* _Provided data_
════

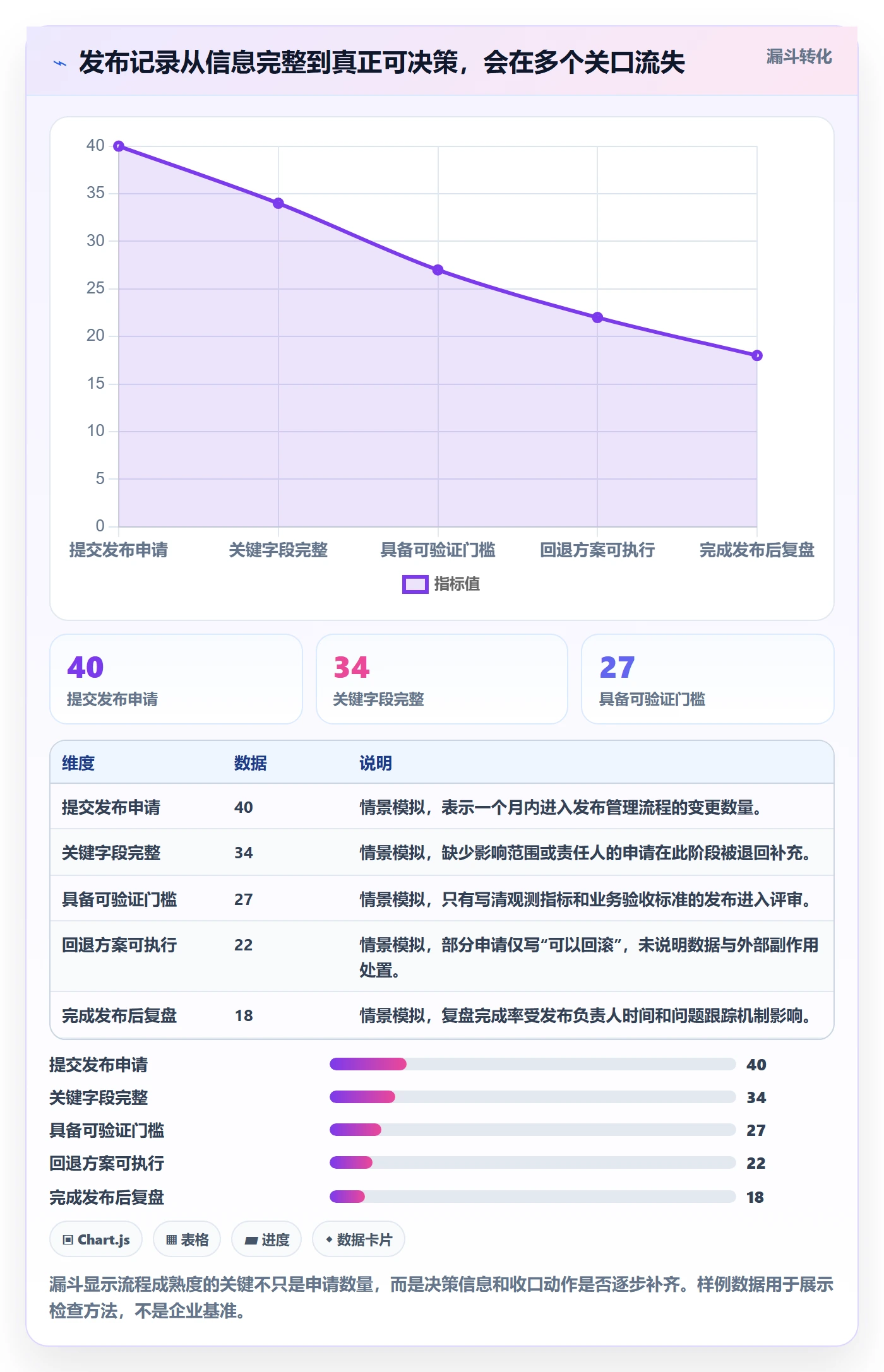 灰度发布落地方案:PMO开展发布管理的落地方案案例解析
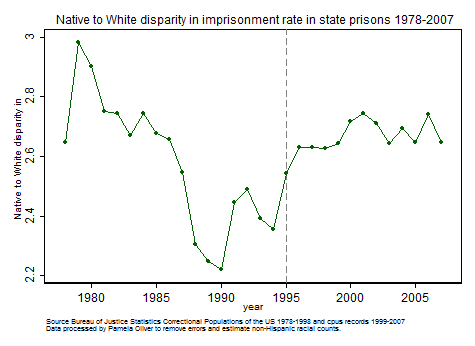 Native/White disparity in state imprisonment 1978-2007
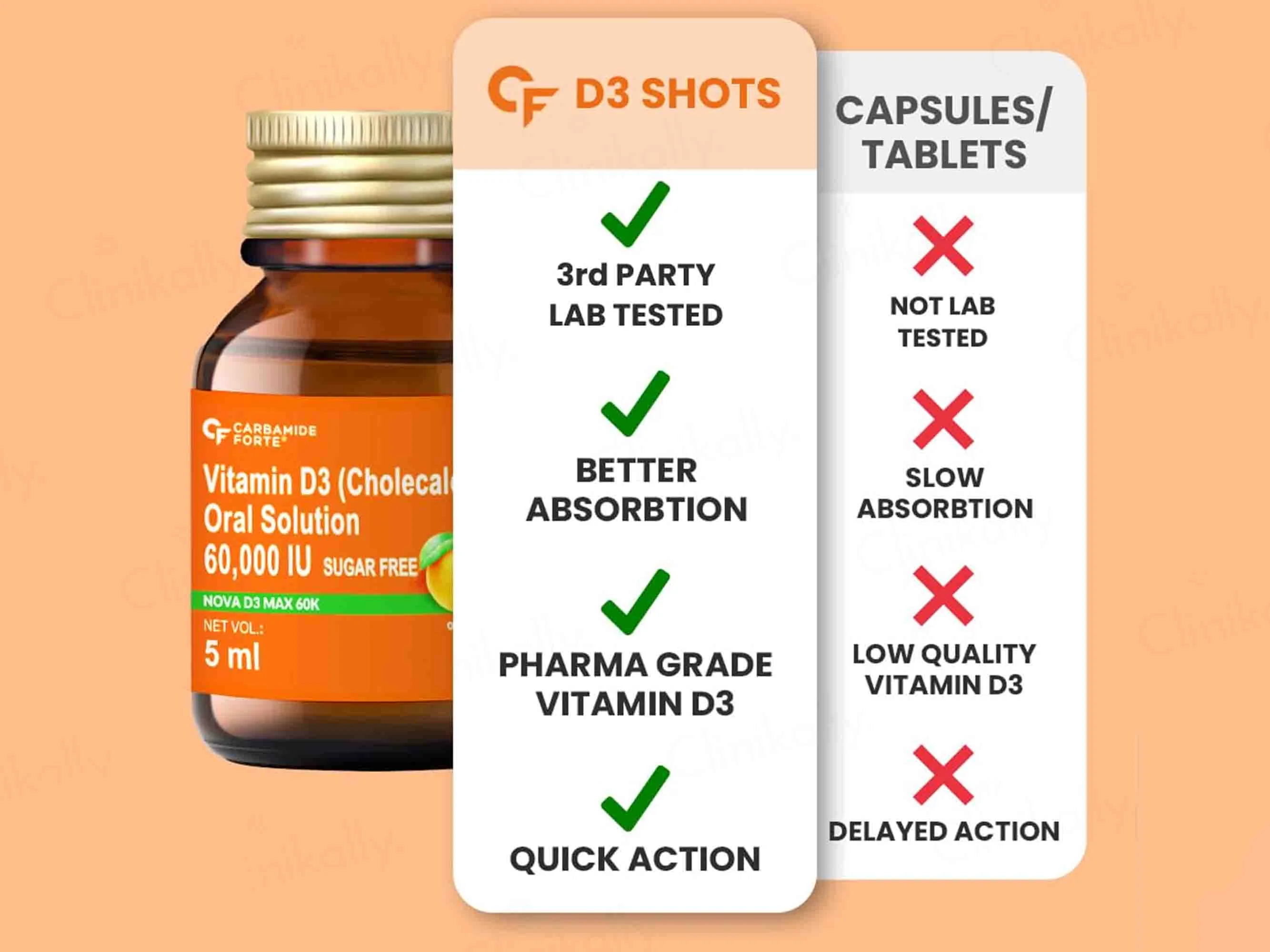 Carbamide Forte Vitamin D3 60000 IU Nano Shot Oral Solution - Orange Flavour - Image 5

════

* _Assignment_
A faithful transcription of the material, with no pictures, is the expected result.

* _Exercise solution_
 灰度发布落地方案:PMO开展发布管理的落地方案案例解析
 Native/White disparity in state imprisonment 1978-2007
 Carbamide Forte Vitamin D3 60000 IU Nano Shot Oral Solution - Orange Flavour - Image 5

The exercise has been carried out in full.